At Trump-less correspondents event, focus back on journalism
Will Smith and George Clooney, step aside for Bob Woodward and Carl Bernstein.
It’s safe to say that the annual White House Correspondents’ Association dinner — traditionally the most glittery night on the Washington social calendar, where A-list celebrities sprinkle their stardust as coveted guests of media organizations — will have a different vibe this year. With the current president –highly unpopular in Hollywood — staying away, organizers say the focus will not be on the red carpet but on the bedrock principles of the event: the First Amendment and the crucial role of the press in a democracy.
Not that those principles haven’t always been central to the mission of an event that began in 1921, notes Jeff Mason, WHCA president. But, he says, “the focus will be entirely on that this year, and I think that’s a great thing.”
The absence of President Donald Trump, who has called the media “fake” and “dishonest” and even “the enemy of the people,” marks the first time a president has declined since Ronald Reagan in 1981 — and he was recovering from an assassination attempt (but phoned in some friendly, humorous remarks nonetheless.) Trump has decided to hold a rally in Pennsylvania instead, and his White House staff will also be absent, in what was described as “solidarity” with their boss.
But even if Trump had decided to come, this year’s event would have been different, Mason says, “based on the tension that has existed in the relationship and some of the things he has said about the press. We were preparing for a different dinner either way.”

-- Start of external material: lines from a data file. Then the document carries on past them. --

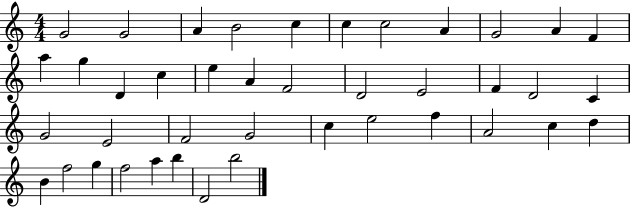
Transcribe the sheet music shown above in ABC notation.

X:1
T:Untitled
M:4/4
L:1/4
K:C
G2 G2 A B2 c c c2 A G2 A F a g D c e A F2 D2 E2 F D2 C G2 E2 F2 G2 c e2 f A2 c d B f2 g f2 a b D2 b2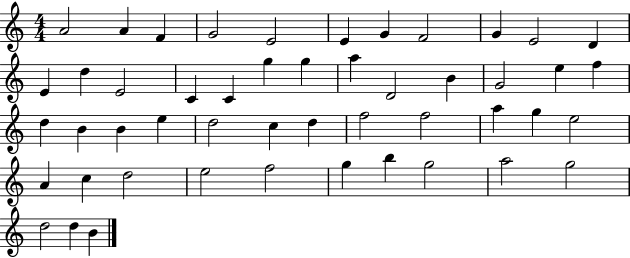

So as opposed to last year, when guests at President Barack Obama’s final dinner included Smith, Emma Watson, Kerry Washington, Helen Mirren, the late Carrie Fisher, and, for a Kardashian quotient, model Kendall Jenner, this year’s big stars seem to be Woodward and Bernstein — not Robert Redford and Dustin Hoffman, who played the famous reporting duo, but the men themselves, who’ll be presenting journalism awards. Woodward told the Washington Post the two will speak about “the First Amendment and the importance of aggressive but fair reporting.”
There will be, as usual, a comedian emceeing the event, which will air on C-SPAN: Hasan Minhaj, of “The Daily Show.” But he will have competition: late-night star Samantha Bee will be headlining “Not the White House Correspondent’s Dinner,” airing at 10 p.m. EDT on TBS (TV stars like Alysia Reiner of “Orange Is The New Black,” Retta of “Parks and Recreation,” and Matt Walsh of “Veep” are among those scheduled to attend the party afterward.)
Besides the high-profile after-parties (some of which have been canceled this year), the correspondents’ dinner has spawned a number of annual events the same weekend, like the fundraiser Friday night for The Creative Coalition, an advocacy group fighting for continued arts funding. Tim Daly of “Madam Secretary” (the group’s president), Keegan-Michael Key of “Key & Peele,” Walsh of “Veep,” and many others are scheduled to attend.
There’s also a traditional garden brunch co-hosted by media consultant Tammy Haddad — who will be attending the correspondents’ dinner too, and says she’s looking forward to it. “What you’re going to see Saturday is more journalists per square inch than ever before, united in showing what they do and how they do it,” she says.
“Those celebrity spots will now be taken by journalists,” Haddad adds. “There’s going to be more interest in what they do. I mean, look at David Fahrenthold,” she said of the Pulitzer-winning Washington Post reporter, one of the dinner’s award recipients. “He’s the Bono of journalism. Journalists are heroes now.”